** SOURCE MATERIAL **
----

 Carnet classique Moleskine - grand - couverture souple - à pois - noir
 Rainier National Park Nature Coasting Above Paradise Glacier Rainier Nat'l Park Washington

----

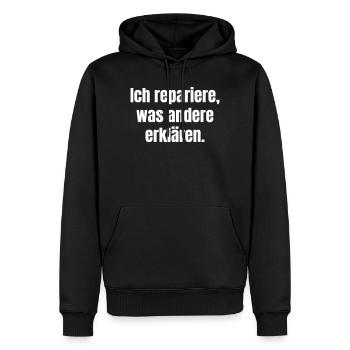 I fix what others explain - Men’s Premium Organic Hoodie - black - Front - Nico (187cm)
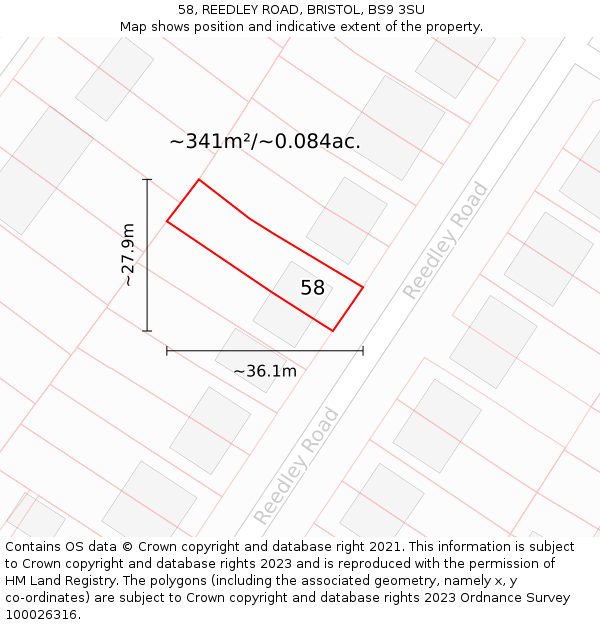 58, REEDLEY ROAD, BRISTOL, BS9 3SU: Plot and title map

----

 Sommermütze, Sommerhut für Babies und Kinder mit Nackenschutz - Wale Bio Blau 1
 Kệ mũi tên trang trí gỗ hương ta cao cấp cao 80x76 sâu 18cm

----

** AIM OF THE EXERCISE **
Only one stretch of the entries above is wanted: the lines from the one containing "Carnet classique Moleskine" through the one containing "Rainier National Park". Please reproduce it exactly.

** EXERCISE OUTPUT **
 Carnet classique Moleskine - grand - couverture souple - à pois - noir
 Rainier National Park Nature Coasting Above Paradise Glacier Rainier Nat'l Park Washington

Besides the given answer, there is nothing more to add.